Lawmaker’s ex-boyfriend to be questioned for her nude pictures


Feb 18th, 2009 By Sindh Today Category: India


Kuala Lumpur, Feb 18 (IANS) Malaysian Police Wednesday said they will question the former boyfriend of a woman lawmaker whose nude pictures have been circulated on the Internet.
Elizabeth Wong, executive councillor (minister) in Selangor state, has denied any wrongdoing saying that the pictures were taken and circulated without her knowledge and consent.
She offered to resign to ‘protect’ her party, Parti Kadilan Rakyat (PKR), Tuesday after the news got out.

However, opposition leader and former deputy prime minister Anwar Ibrahim rejected the offer and urged her to reconsider it.
“Azizah (PKR chief Wan Azizah Wan Ismail) and I will meet up with her again to discuss and see what is best for her. I have asked her to rethink her options,” New Straits Times quoted him as saying Wednesday.
There was indignation in Dewan Rakyat (parliament) and human rights groups condemned the incident, demanding that the guilty be booked.
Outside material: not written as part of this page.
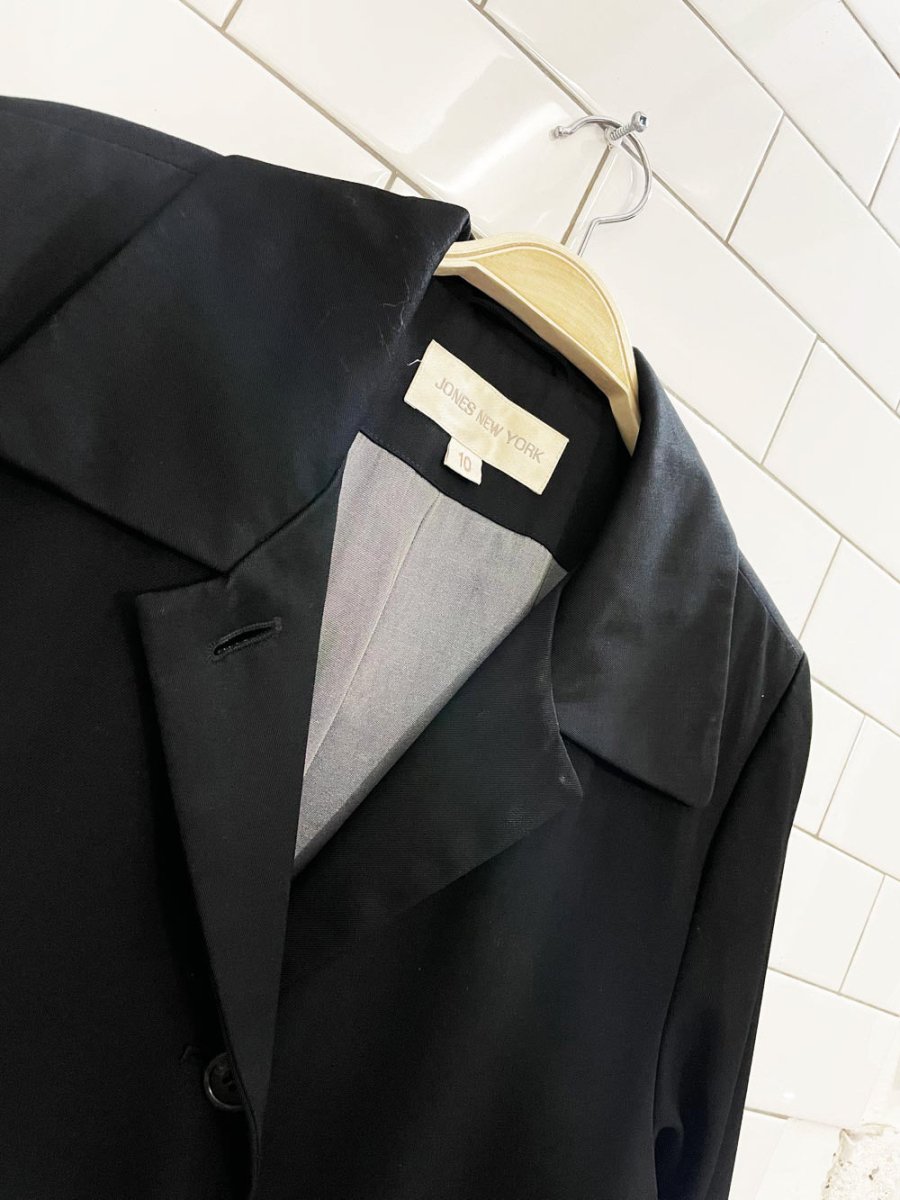 vintage 00s jones new york 100% wool minimal box pleat jacket - good market thrift store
The suspect former boyfriend has not been named, but media reports Wednesday said he was Wong’s personal aide who moved out some months ago when their relationship broke down.
For PKR and the opposition alliance Pakatan Rakyat (PR), this is another blow after V. Arumugam, the only ethnic Indian legislator in Pahang state, resigned following a scandal around his suspected second marriage without divorcing his first wife.
Non-Muslims cannot have more than one wife in Muslim majority Malaysia.
Arumugam sent in his resignation without meeting the assembly speaker and left for Chennai, India.
The country’s health minister had to resign last year after a film showing him performing sex with an unknown woman was circulated.

The latest incident has triggered a media debate, even as two journalists of Malay Mail newspaper are cooperating with the police by surrendering Wong’s photographs that they found on the net.
“It is news and there is an obligation to report what transpires after that and how a public figure responds to an unfolding event of great stress to her and the reactions of those around her,” The Star said in a commentary.
“Despite everything we say about the right to privacy and our public position that Wong did no wrong, it will be hypocritical if those concerned still insist that she pay the price with her resignation.
“Let’s admit and acknowledge that for a wide section of the public - the vast majority of us normal human beings - there are boyfriends and girlfriends and intimate moments of great privacy.

“If a partner violates that privacy for any reason, the other party is not to blame - the blame lies with the person who broke that trust, not the person who gave it,” the newspaper said.